REQUIREMENT >> Output every entry exactly as written, skipping any pictures.

SUPPLIED MATERIAL >>
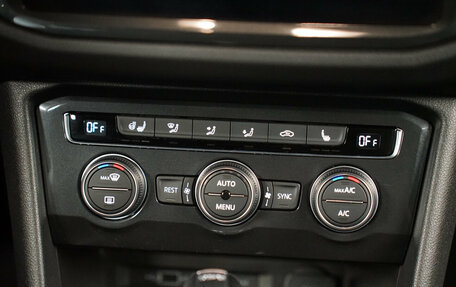 Volkswagen Tiguan II, 2019 год, 2 329 000 рублей, 20 фотография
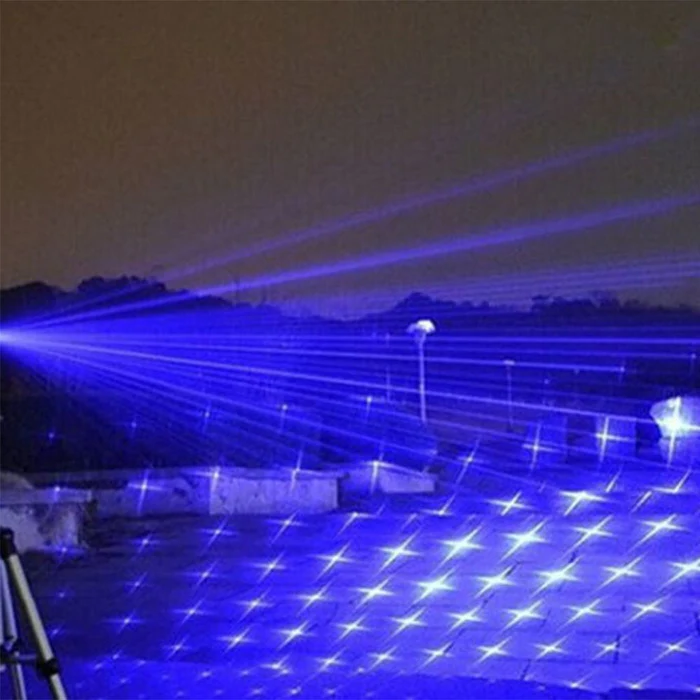 AeroForge Pro laserlygte giver kraftigt vandtæt lys til overlevelse udendørs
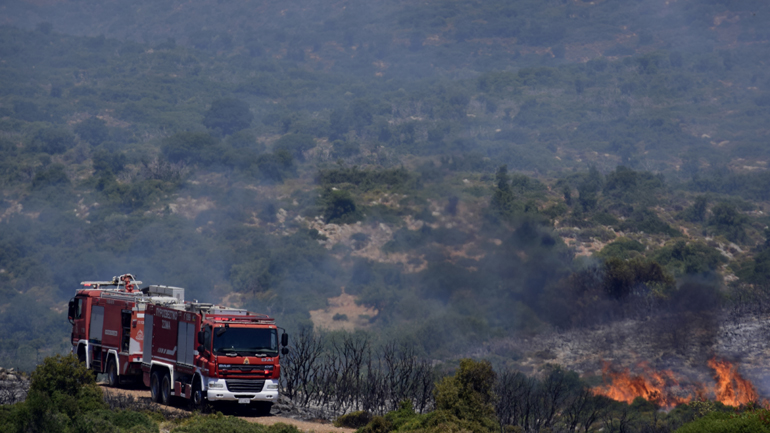 Πυρκαγιά καίει δασική έκταση στο Ηράκλειο – Υπό μερικό έλεγχο η φωτιά στο Μεσολόγγι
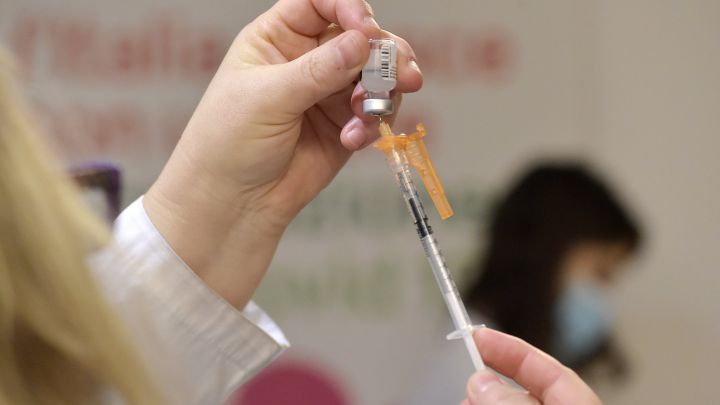 Vacuna Pfizer: de dónde viene, efectos secundarios, composición y prospecto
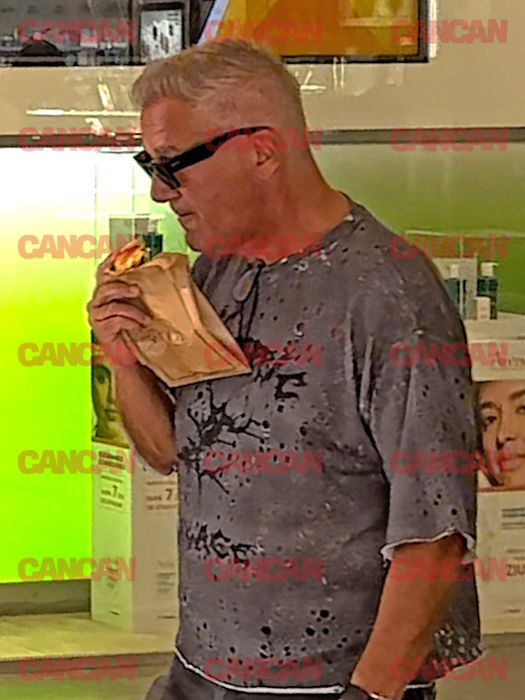 A savurat sandvisul croissant prin mall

ANSWER TO THIS EXERCISE >>
 Volkswagen Tiguan II, 2019 год, 2 329 000 рублей, 20 фотография
 AeroForge Pro laserlygte giver kraftigt vandtæt lys til overlevelse udendørs
 Πυρκαγιά καίει δασική έκταση στο Ηράκλειο – Υπό μερικό έλεγχο η φωτιά στο Μεσολόγγι
 Vacuna Pfizer: de dónde viene, efectos secundarios, composición y prospecto
 A savurat sandvisul croissant prin mall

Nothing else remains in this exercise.